Being still a newbie in PL/SQL, I've been copying and pasting around the following trigger:
CREATE OR REPLACE TRIGGER FOO_TRG1
BEFORE INSERT
ON FOO
REFERENCING NEW AS NEW OLD AS OLD
FOR EACH ROW
BEGIN
IF :NEW.FOO_ID IS NULL THEN
SELECT FOO_SEQ1.NEXTVAL INTO :NEW.FOO_ID FROM DUAL;
END IF;
EXCEPTION
WHEN OTHERS THEN RAISE;
END FOO_TRG1;
/
ALTER TRIGGER FOO_TRG1 ENABLE;
I suspect that the included exception handling code does nothing at all and could simply get removed, since I'll get an error message anyway if something goes wrong. Am I right?
(I guess such code is the result of further editing prior code.)
The WHEN OTHERS clause is used to trap all remaining exceptions that have not been handled by your Named System Exceptions and Named Programmer-Defined Exceptions.
You can code a RAISE statement for a given exception anywhere within the scope of that exception. When an exception is raised, if PL/SQL cannot find a handler for it in the current block, the exception propagates to successive enclosing blocks, until a handler is found or there are no more blocks to search.
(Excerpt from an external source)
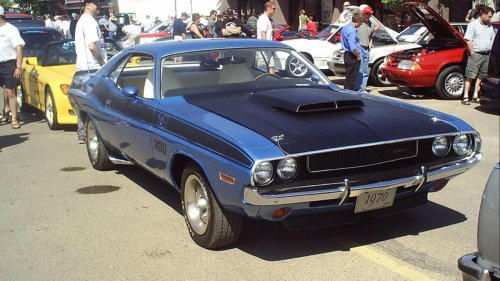 9 muscle cars from the early 1970s that pushed V8 performance to the limit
The RAISE statement stops normal execution of a PL/SQL block or subprogram and transfers control to an exception handler. RAISE statements can raise predefined exceptions, such as ZERO_DIVIDE or NO_DATA_FOUND , or user-defined exceptions whose names you decide.
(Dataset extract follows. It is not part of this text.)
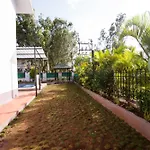 The Royal Villa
The optional OTHERS exception handler, which is always the last handler in a block or subprogram, acts as the handler for all exceptions not named specifically. Thus, a block or subprogram can have only one OTHERS handler.
yes, that exception does nothing but raise the same error out. also it serves to mask the real line number of the error. i'd remove that if I were you.
eg:
SQL> declare
2 v number;
3 begin
4 select 1 into v from dual;
5 select 'a' into v from dual;
6 exception
7 when others
8 then
9 raise;
10 end;
11 /
declare
*
ERROR at line 1:
ORA-06502: PL/SQL: numeric or value error: character to number conversion error
ORA-06512: at line 9
vs:
SQL> declare
2 v number;
3 begin
4 select 1 into v from dual;
5 select 'a' into v from dual;
6 end;
7 /
declare
*
ERROR at line 1:
ORA-06502: PL/SQL: numeric or value error: character to number conversion error
ORA-06512: at line 5
the line number in the first one is pointing to the raise instead of the real line number. it can make tracking down errors harder.